A venezuelana Daniela Toledo sabia exatamente o que pedir de presente quando seu chefe foi de férias para o Caribe. Em vez de um pacote de cigarros do duty free ou uma garrafa de uísque, Toledo queria seu desodorante preferido, que ela já não conseguia encontrar em seu país. Um sistema complexo de taxas de câmbio oficiais e não oficiais, legado de 14 anos de governo do falecido ex-presidente Hugo Chávez, deixou a Venezuela com escassez de dólares e lojas sem produtos básicos como papel higiênico e remédios.
“Fui a cinco lojas em Caracas e não consegui encontrá-lo”, disse a operária de 27 anos em entrevista da capital de Venezuela. “O único desodorante que consigo achar aqui não funciona para mim. Então meu chefe viajou ao exterior e trouxe para mim o desodorante que sempre usei”.

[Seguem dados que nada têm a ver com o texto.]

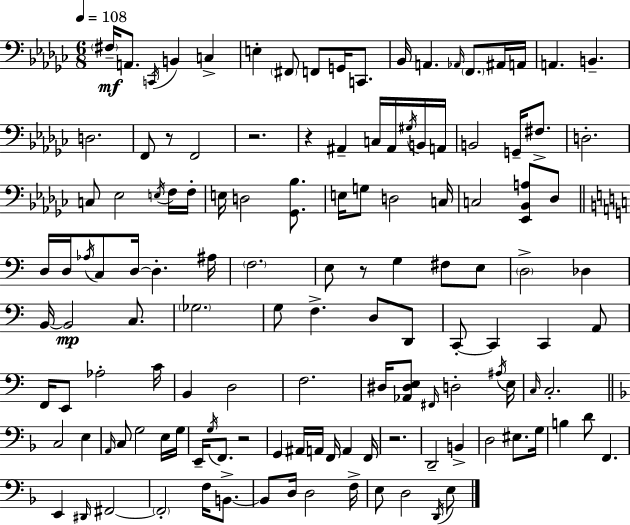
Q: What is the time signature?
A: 6/8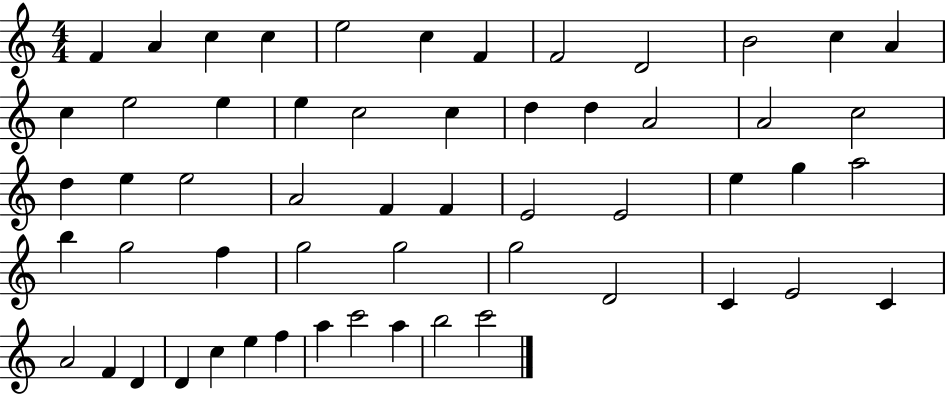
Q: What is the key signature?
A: C major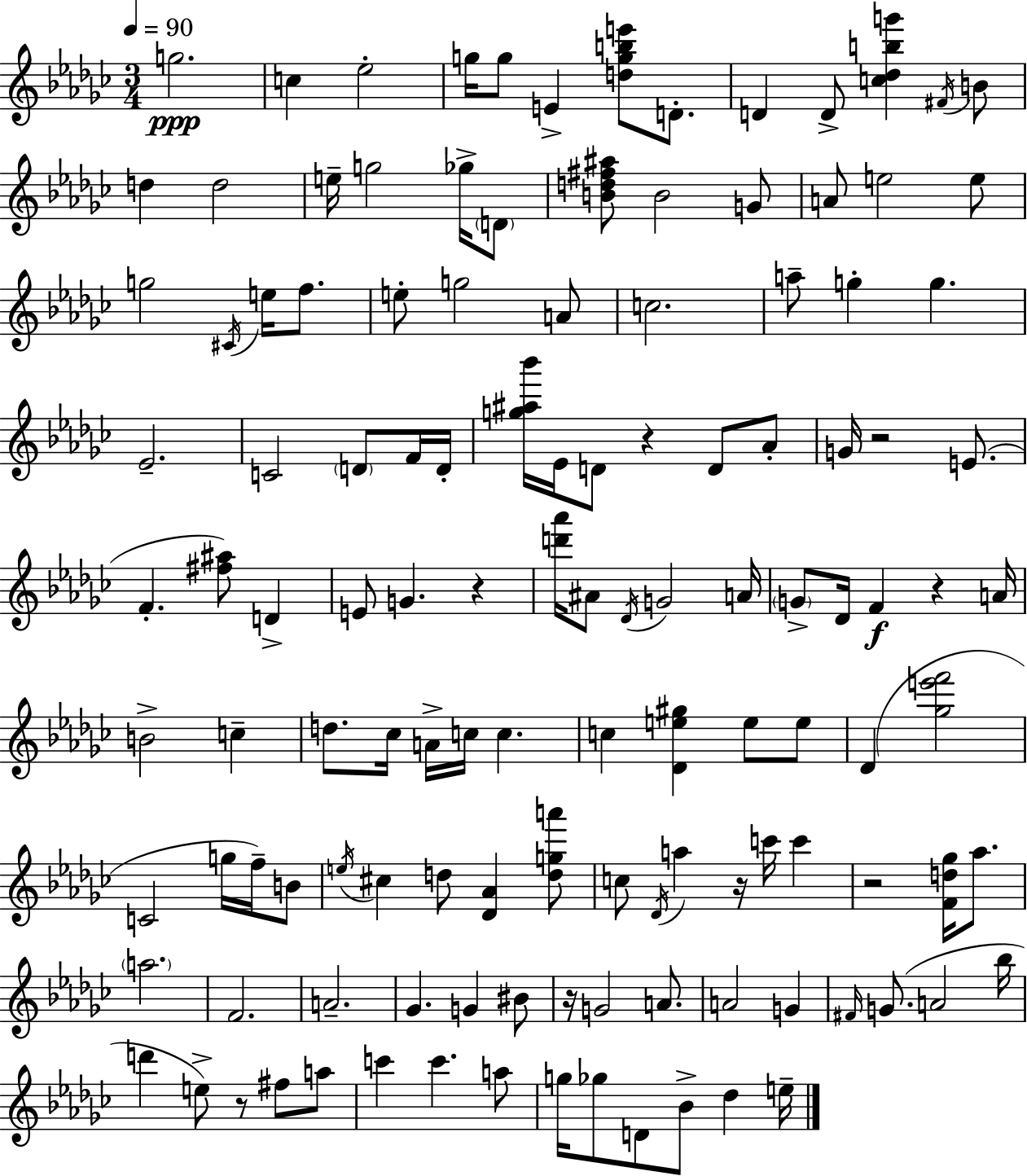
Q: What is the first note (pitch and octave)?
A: G5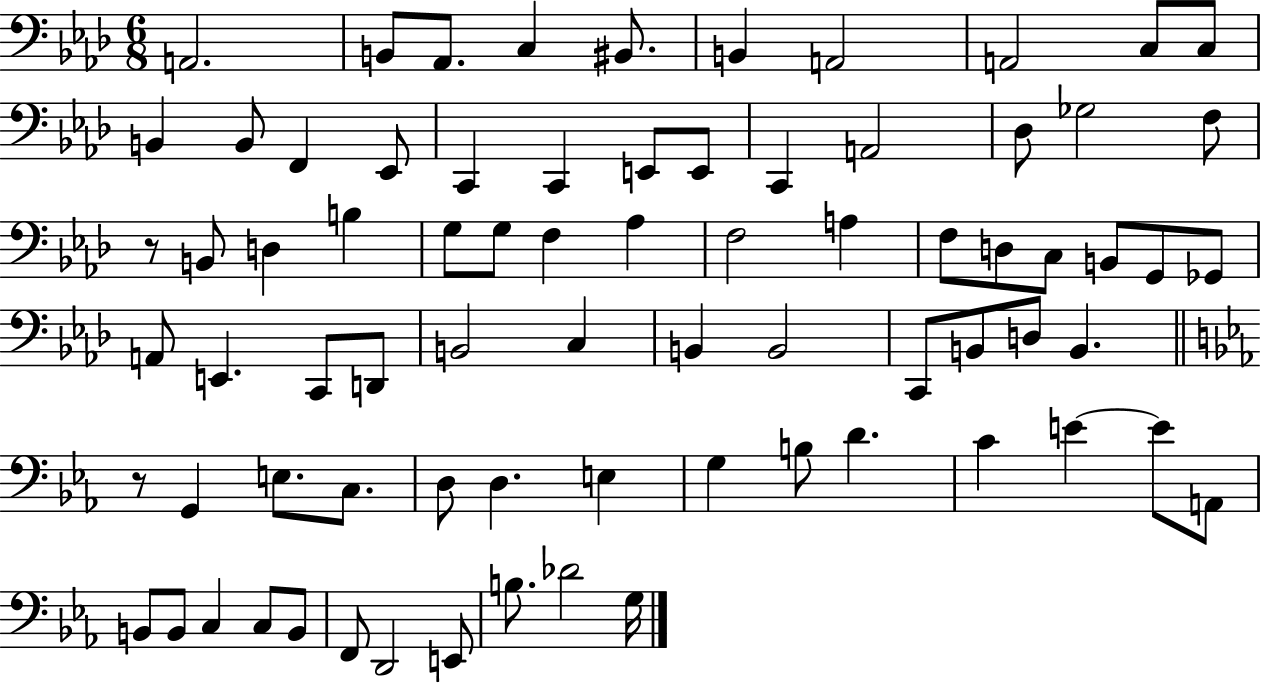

Uma década e meia de crescente controle governamental sobre a economia e uma política oficial que sobrevaloriza o bolívar deixaram o setor privado venezuelano de joelhos e o país dependente das importações. A inflação anual chegou a 60,9% em maio, a taxa mais acelerada do mundo, ao passo que o PIB provavelmente tenha diminuído 2,1% no segundo trimestre, segundo a média de previsões de economistas compiladas pela Bloomberg.
Mercado negro
As empresas pagam por bens estrangeiros com dinheiro distribuído pelo governo a taxas que oscilam de 6,3 a 50 bolívares por dólar. Acima dessas taxas oficiais está a do mercado negro, de 84 bolívares por dólar, paga pela maioria dos venezuelanos para obter a moeda dos EUA.
O governo está ficando sem tempo para implementar reformas planejadas, que provavelmente incluam uma desvalorização, antes que eleições parlamentares de 2015 provoquem uma paralisia das políticas, segundo o Barclays Plc.

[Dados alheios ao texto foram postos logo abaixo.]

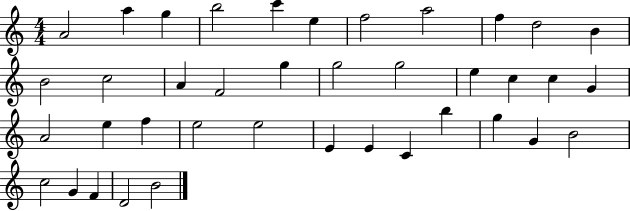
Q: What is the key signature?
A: C major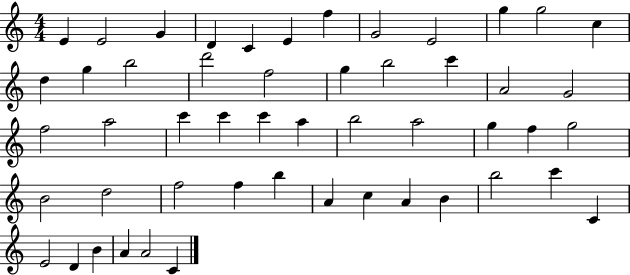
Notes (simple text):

E4/q E4/h G4/q D4/q C4/q E4/q F5/q G4/h E4/h G5/q G5/h C5/q D5/q G5/q B5/h D6/h F5/h G5/q B5/h C6/q A4/h G4/h F5/h A5/h C6/q C6/q C6/q A5/q B5/h A5/h G5/q F5/q G5/h B4/h D5/h F5/h F5/q B5/q A4/q C5/q A4/q B4/q B5/h C6/q C4/q E4/h D4/q B4/q A4/q A4/h C4/q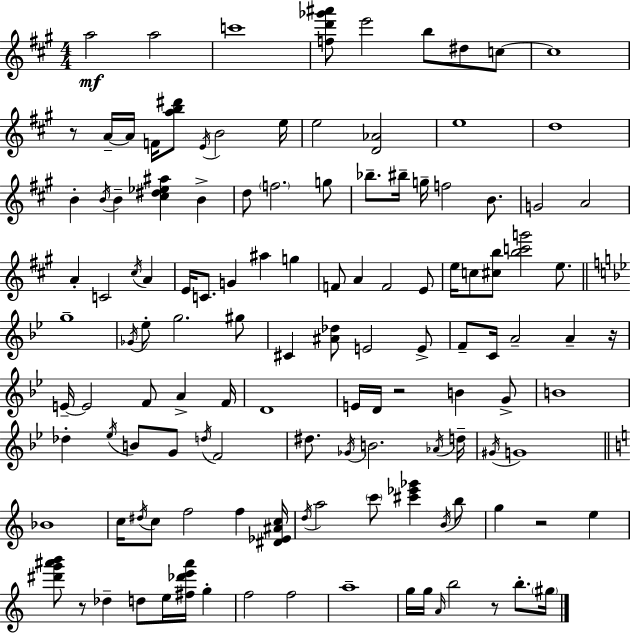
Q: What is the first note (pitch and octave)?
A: A5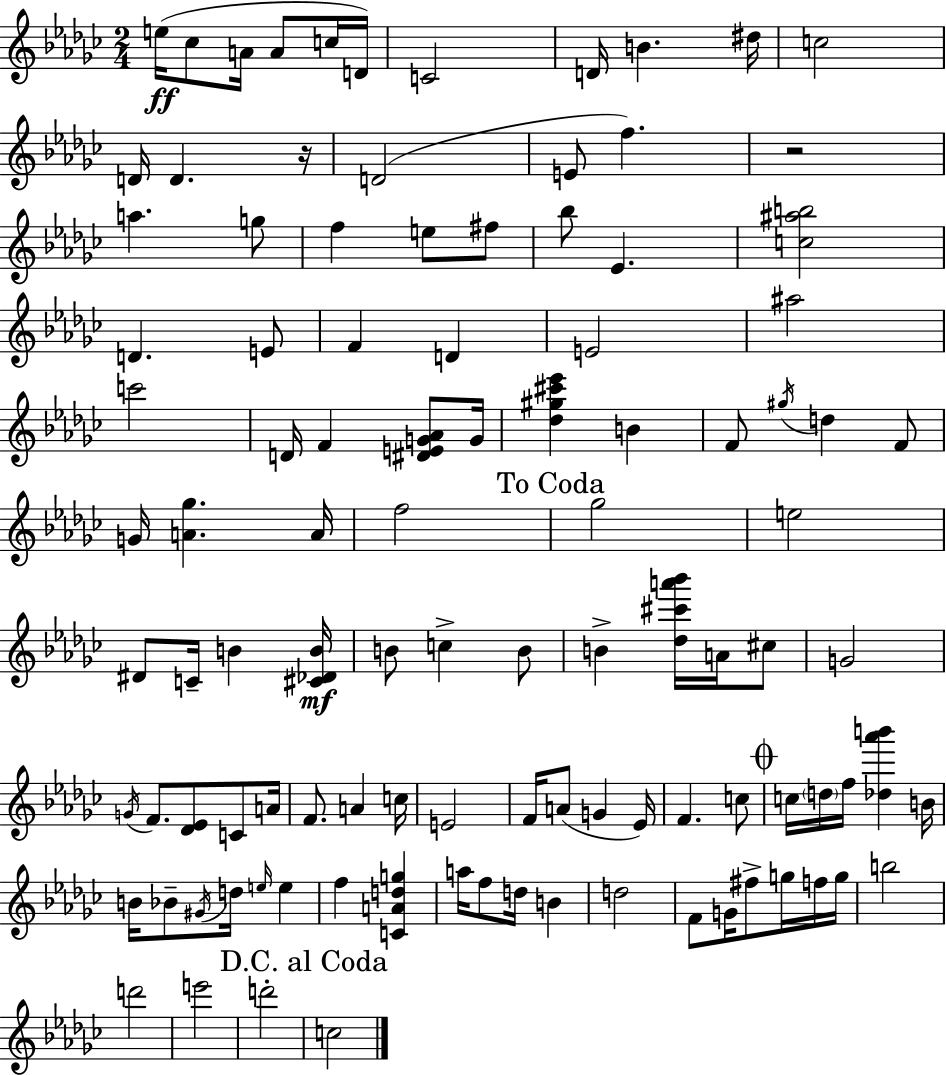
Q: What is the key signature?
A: EES minor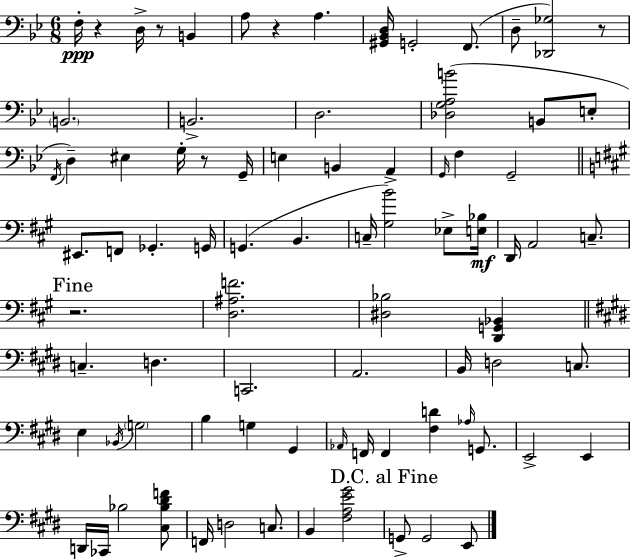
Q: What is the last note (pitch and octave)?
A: E2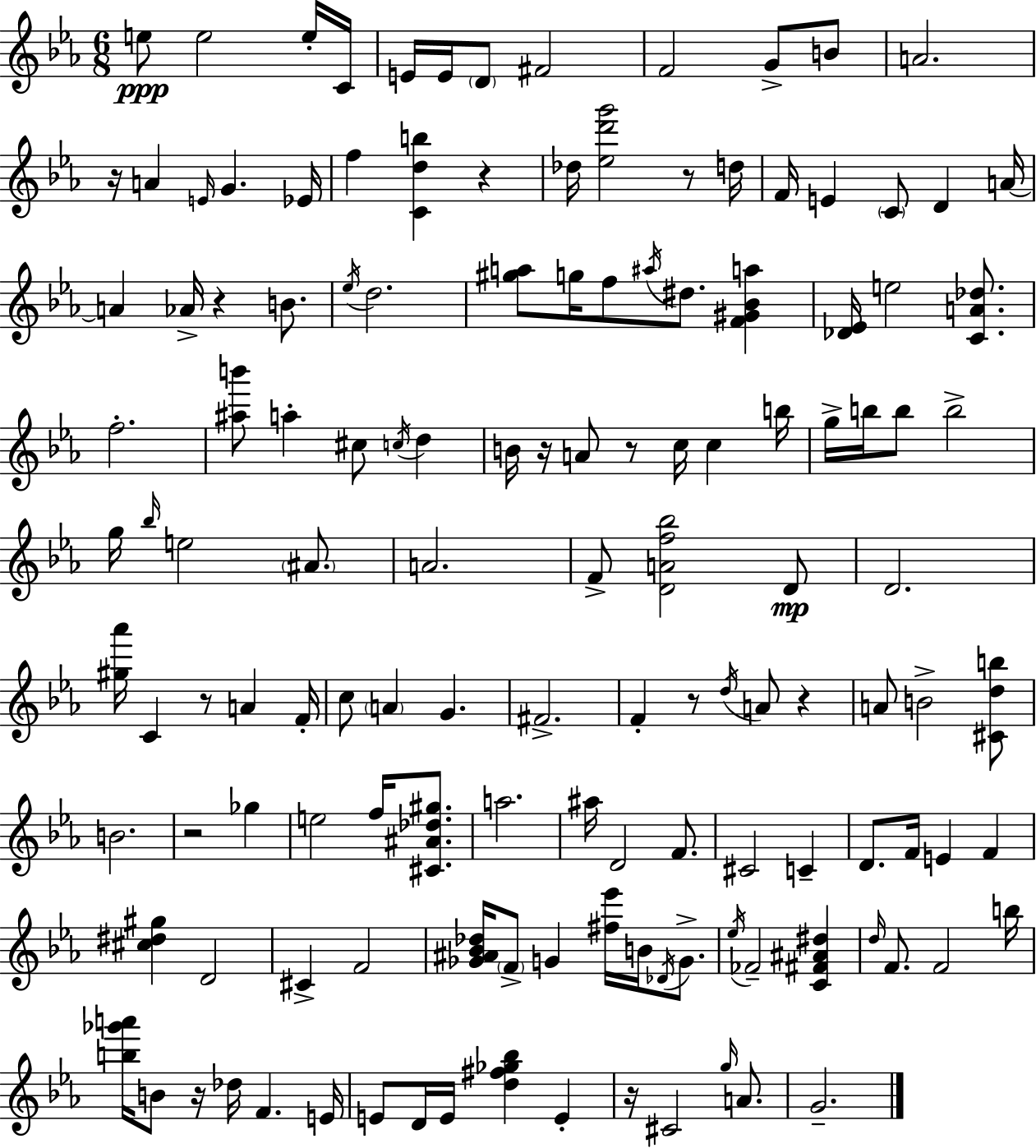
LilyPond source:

Conforme o sistema atual, desenvolvido a partir dos controles cambiais introduzidos por Chávez em 2003, importadores de alimentos e medicamentos podem comprar dólares a uma taxa de 6,3 bolívares. Às vezes, fabricantes obtêm uma taxa de 11 bolívares em leilões semanais do governo, ao passo que aos indivíduos e importadores de produtos não essenciais são oferecidos quantidades restritas a cerca de 50 bolívares por dólar em uma venda diária.
Desvalorização
O bolívar se desvalorizou cerca de 71% no mercado negro desde que o presidente Nicolás Maduro, ex-motorista de ônibus e líder sindical, chegou ao poder em abril de 2013 com a promessa de aprofundar o regime socialista de Chávez. A moeda não é operada nos mercados internacionais por causa dos controles do governo.
A crescente dificuldade para encontrar dólares está obrigando os venezuelanos a recorrerem a centros oficiais de distribuição, onde fazem fila para receber bens subsidiados com tíquetes numerados que lhes dão direito a comprar frango congelado, arroz ou óleo de cozinha subsidiados.
Fusionar as taxas de câmbio implicaria um sacrifício no curto prazo para obter um benefício no longo prazo, pois os bens que atualmente são importados a taxas subsidiadas se tornariam mais caros, segundo a Barclays.
Maduro adiou pelo menos dois prazos para resolver o problema cambial desde o mês passado, ao passo que o vice-presidente de Economia, Rafael Ramírez, líder de uma facção do governo relativamente favorável às empresas, disse, segundo informou o jornal El Mundo no dia 18 de agosto, que um sistema de duas taxas seria adotado “o quanto antes possível”.
O Bank of America espera que o governo estabeleça uma nova taxa de 20 bolívares por dólar para as importações essenciais e mantenha uma taxa secundária de cerca de 50 bolívares por dólar para os bens não essenciais. O Barclays disse que a Venezuela desvalorizará sua moeda para de 25 a 30 por dólar, e o Banctrust Co. prevê um patamar de aproximadamente 30 e diz que os preços aumentarão independentemente de o governo desvalorizar o bolívar.
“Mudar para uma taxa de câmbio equilibrada teria um impacto muito significativo sobre os preços, e é disso que o governo tem medo”, disse Hernán Yellati, diretor de pesquisa do Banctrust, em entrevista por telefone, de Nova York, no dia 19 de agosto. “O medo da inflação na Venezuela é um medo real”.